It felt as if I had been taken by the scruff of the neck, sat down in front of the computer and instructed to write. The Osiriad was one of the strangest experiences I have ever had with words. I had long wished to see some order put into the scattered myths of ancient Egypt. We know so many of their stories, but for the most part, they stand alone, fragmented and disconnected from each other and therefore making little sense. I thought I should do the research and try putting at least some of the better known stories in order.
I never got the chance. I found I was playing catch-up with the research, fact checking translations of documents written five thousand years ago, carved on pyramids or tucked away in funerary texts.

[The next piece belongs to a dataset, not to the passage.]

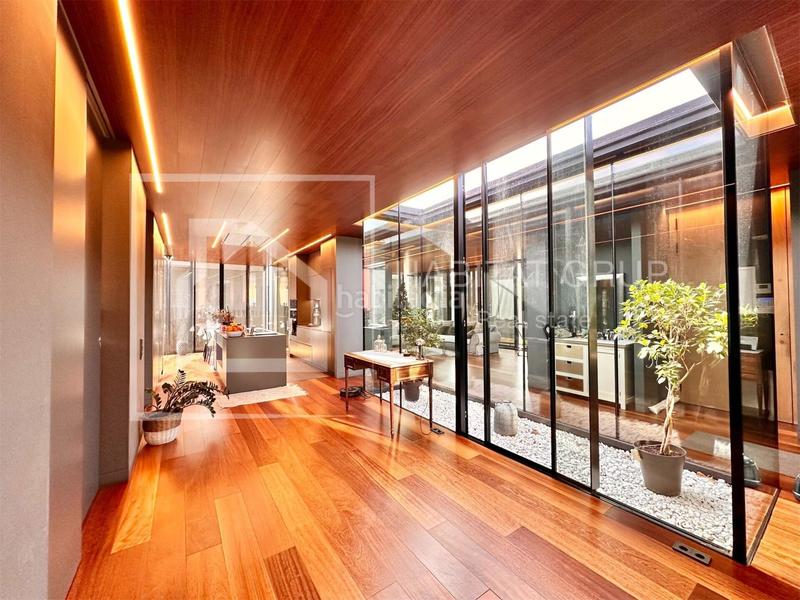 Foto 7a0f9a72-28d4-4f05-9c04-97a56e620452. Maison dans Palau Girona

What emerged was the story of Creation, a spotlight on the workings of natural law and a surprising look at the sophisticated and intimate knowledge of many modern sciences, presented in story form using the symbols of an ancient faith.
There is a deep understanding of what we now call psychology, cosmology… even a foreshadowing of quantum theories. But the tales in which these glimpses arefound are not dry and dusty, but still gleam with all the colours of a vibrant inner life. The Egyptians were not hiding their knowledge or reserving it just for the intellectual and social elite… these were the tales known in every household. What you understood from them would match your knowledge… or make you think. The stories would lodge in memory and be transmitted, heart to heart, gaining depth and insight as it was handed down.
And perhaps, at the same time, thousands of miles away, our own bards, storytellers and wise-folk were teaching in the same manner. Just as we do today, through the moral choices that make up the background of so many of our stories.